Sleepy Hollow
You know the story: a legendary headless horseman is said to be roaming the
countryside around a small town, lopping heads off left and right, and lily-livered schoolmaster
Ichabod Crane is understandably frightened.
Well, add witches and magic, and change Ichabod into an easily frightened but
determined policeman who's certain that reason, logic and scientific methods will provide the
answers to everything, and you've got Tim Burton's Sleepy Hollow.
Detective Ichabod Crane is played with perfectly nuanced comedic skill by Johnny Depp.
Yep, I said comedic. Despite the fact that this is an extremely bloody movie with more
beheadings, vivisections and other forms of body hacking per square foot of film than your
average slasher flick, it's still primarily a comedy. And not only that, it's a relatively effective
comedy--Tim Burton's peculiarly delicious brand of black humor at its finest. The only time
the movie fails is when it tries to get serious. The dramatic dialogue is stilted, obvious, and
corny, and most of the important plot points are disappointingly formulaic and predictable.
For instance, when the evil mastermind behind the horseman plot is finally revealed,
he/she proceeds to explain his/her whole plan to us in classic evil mastermind fashion. He/she
lists for us in excruciating detail how and why each murder was committed. He/she even tacks
on the explanation of a few more murders we didn't even know about, then tells us the story of
how he/she became an evil mastermind. The lack of imagination in the construction of this
sequence is really disappointing.
Also, you may have seen a shot in the trailers of a windmill exploding and wondered
what the hell that was all about. Well, I was wondering that, too when I saw the actual scene in
the movie. The mill is not filled with gunpowder, and there are no bombs. It just gets set on fire
and then, for no reason, obliterates itself. It seems to blow up simply so that the movie could
have a scene in which our heroes narrowly escape from an exploding building.

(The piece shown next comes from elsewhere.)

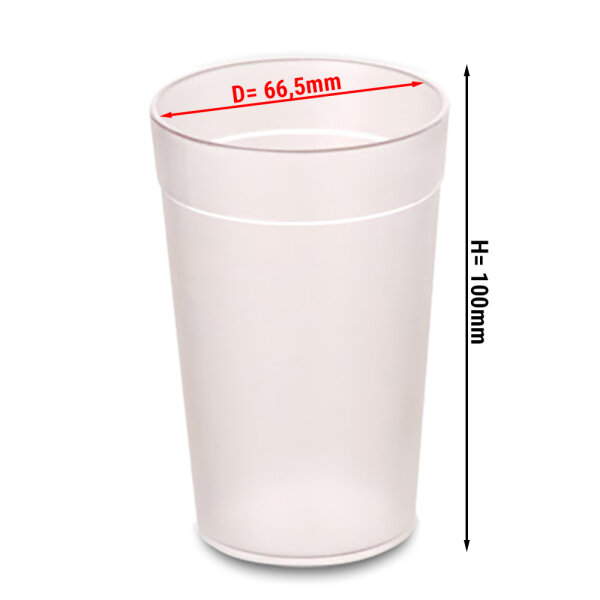 (100 Stück) Polycarbonat Milchglas - 200 ml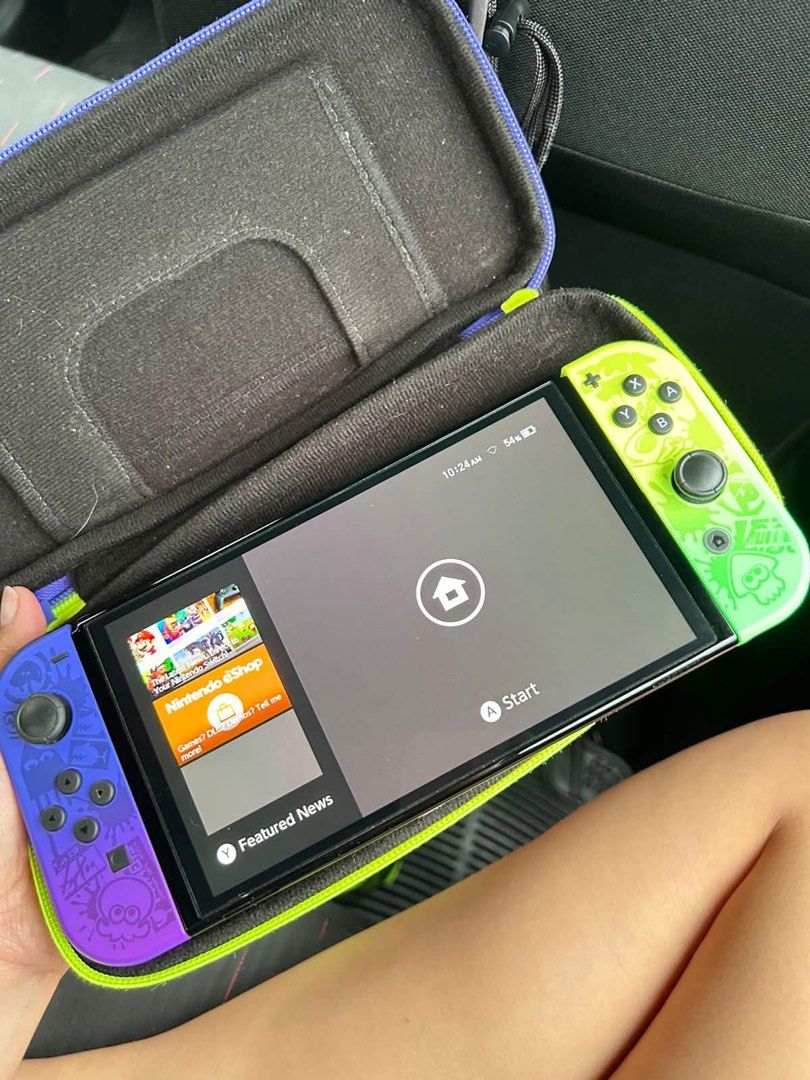 Nintendo switch OLED platoon 3 edition (Category: Nintendo) located in Calamba. Submitted by biyanggg (Listing ID 1441719737, Image 2). Description: Lalamove / Lbc ready Calamba location Rfs: hindi na nagagamit ng anak ko hehe PS5 upgrade din .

This is another
point where Sleepy Hollow is just mindlessly and meaninglessly fulfilling the requirements of a
genre.
But a good deal of imagination did go into some parts of this film. Visually, Sleep
Hollow is perfect. The sets, special effects, costumes, props, cinematography and lighting all
work together to create just the right atmosphere of surreal, gothic spookiness. In a less visually
interesting film, Tim Burton's starkly symmetrical framing might have been boring, but because
what's in the frame is so fascinating and eerily beautiful, it works.

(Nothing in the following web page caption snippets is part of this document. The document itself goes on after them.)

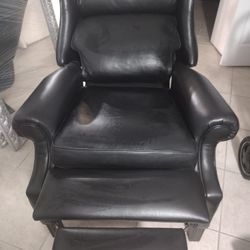leather armchair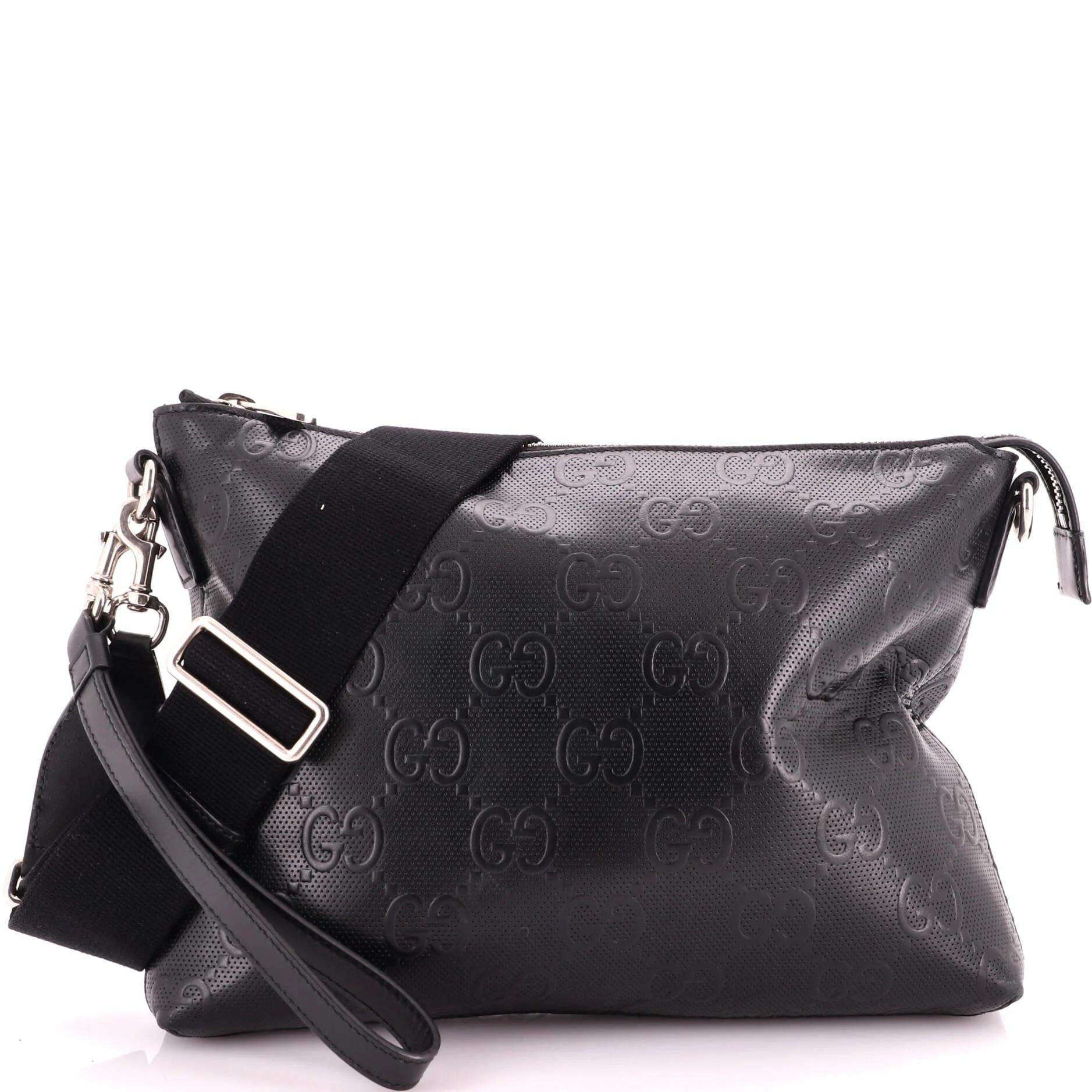Leather clutch bag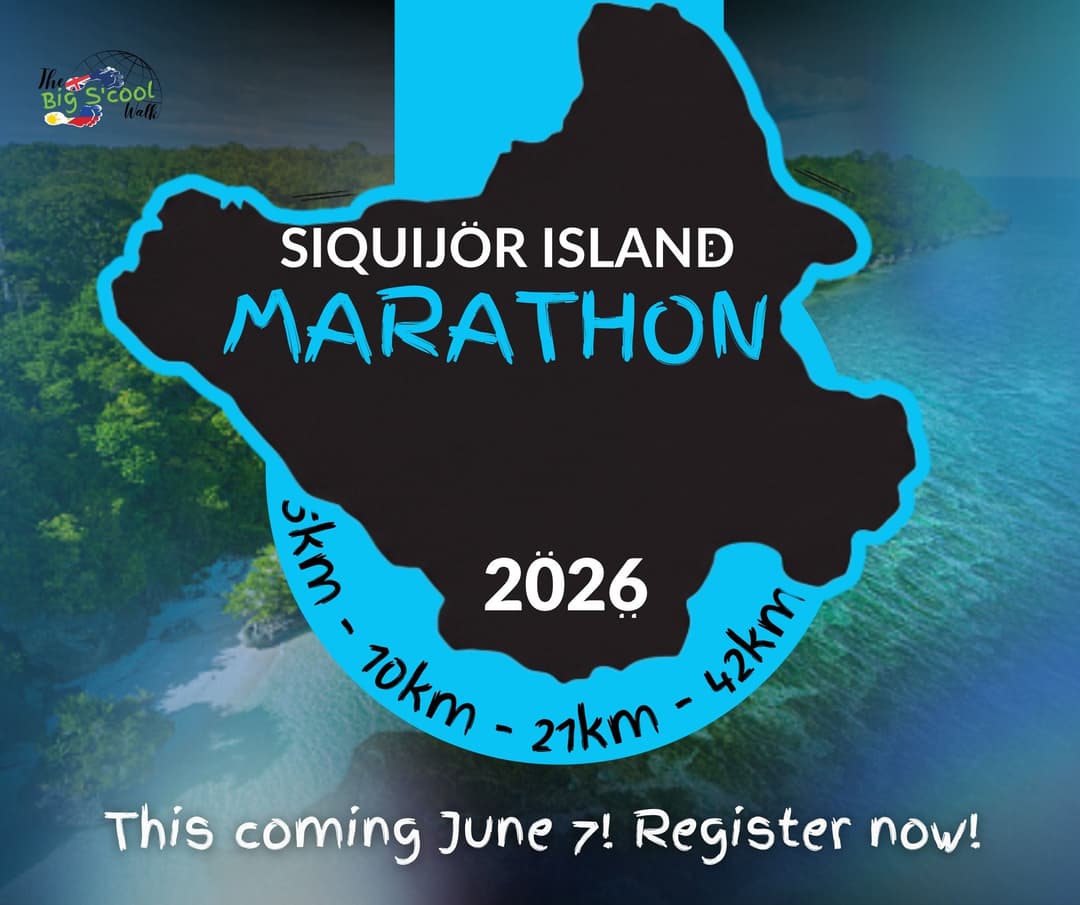 Siquijor Island Marathon race event poster image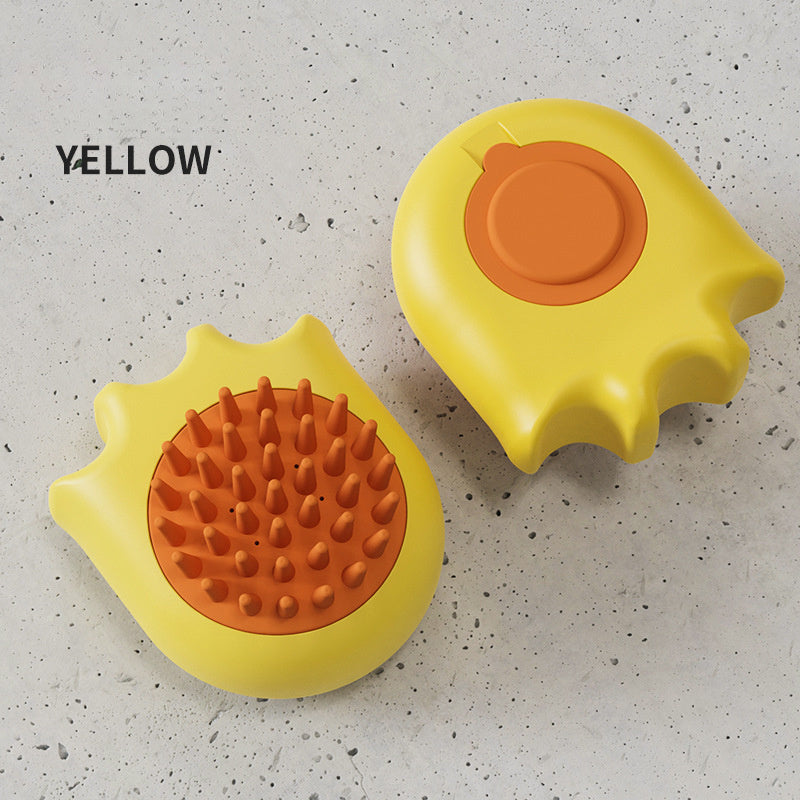 Pet Bath Massage Brush with Shampoo Box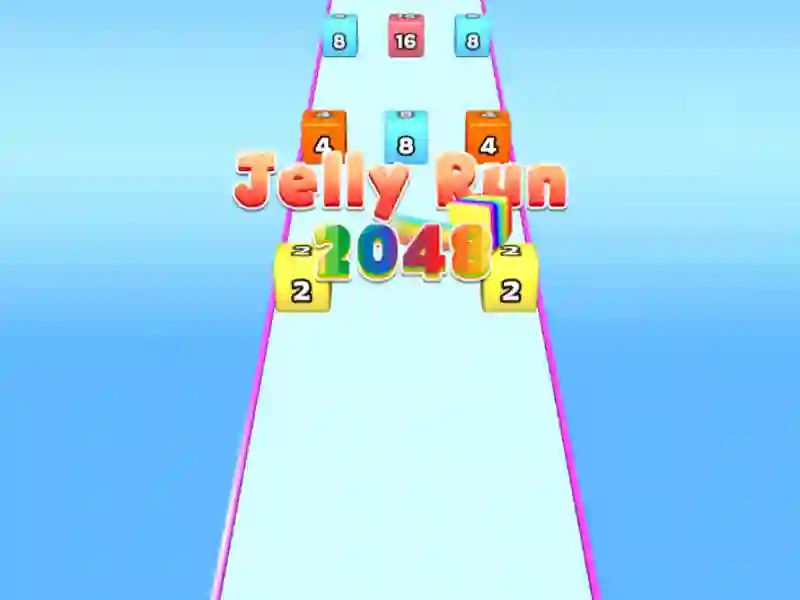 Spil Jelly Run 2048 online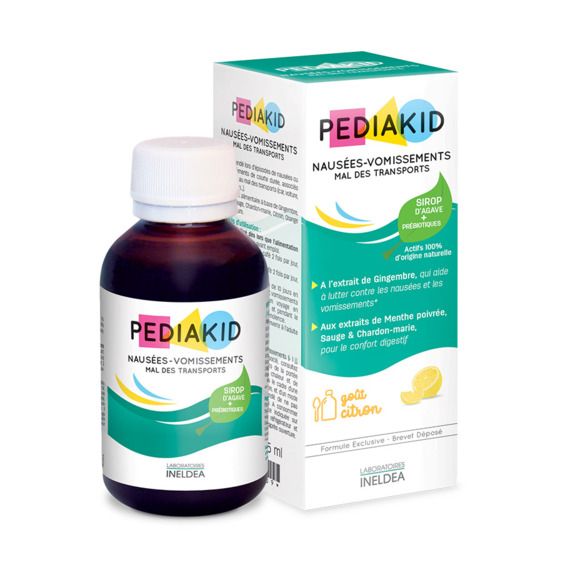 Pediakid mal des transports goût citron - flacon de 125 ml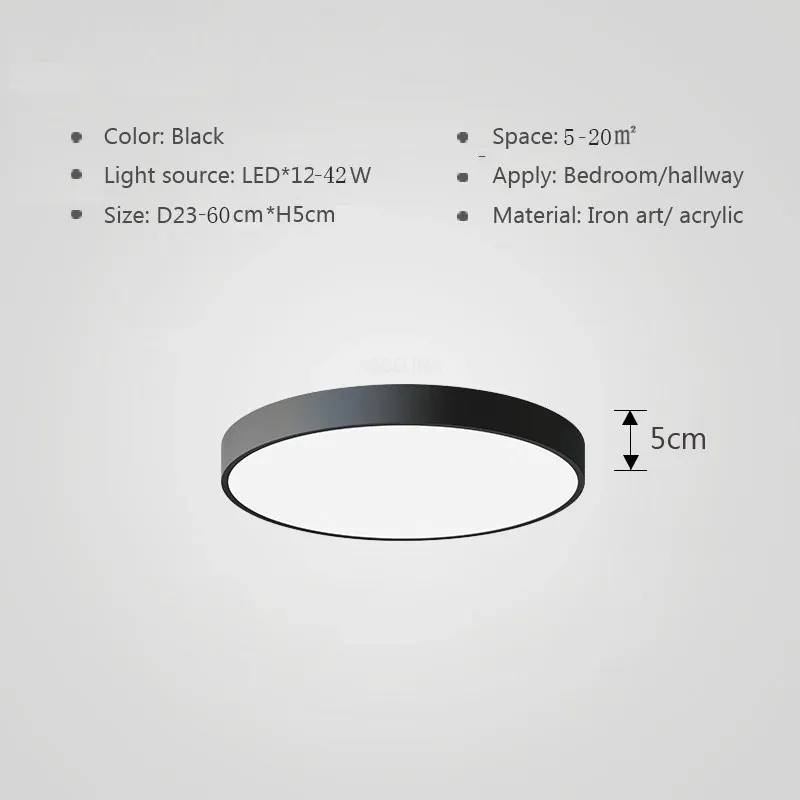 Ronde Plafondlamp Multicolor LED Ultradun 23-60cm Dimbaar Afstandsbediening Woonkamer Slaapkamer Studeerkamer | Sansoti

Also, the headless horseman is an excellent monster. In the flashback scenes, when he
still has a head, he is played by Christopher Walken, who attacks the role with his usual amount
of gleefully vicious intensity. Walken is a great actor with more range than most people give
him credit for, but he's always been best at playing villains, and this part is no exception. He
doesn't have a lot of screen time, but the time he does have is an absolute delight.
But if Walken is the horseman's head, Ray Park, the same stuntman and fight expert who
played Darth Maul in Episode I: The Phantom Menace, is his body. No doubt we have Park
(and stunt coordinator Nick Gillard, who also worked on Episode I) to thank for the exciting and
well-choreographed fighting sequences in the film.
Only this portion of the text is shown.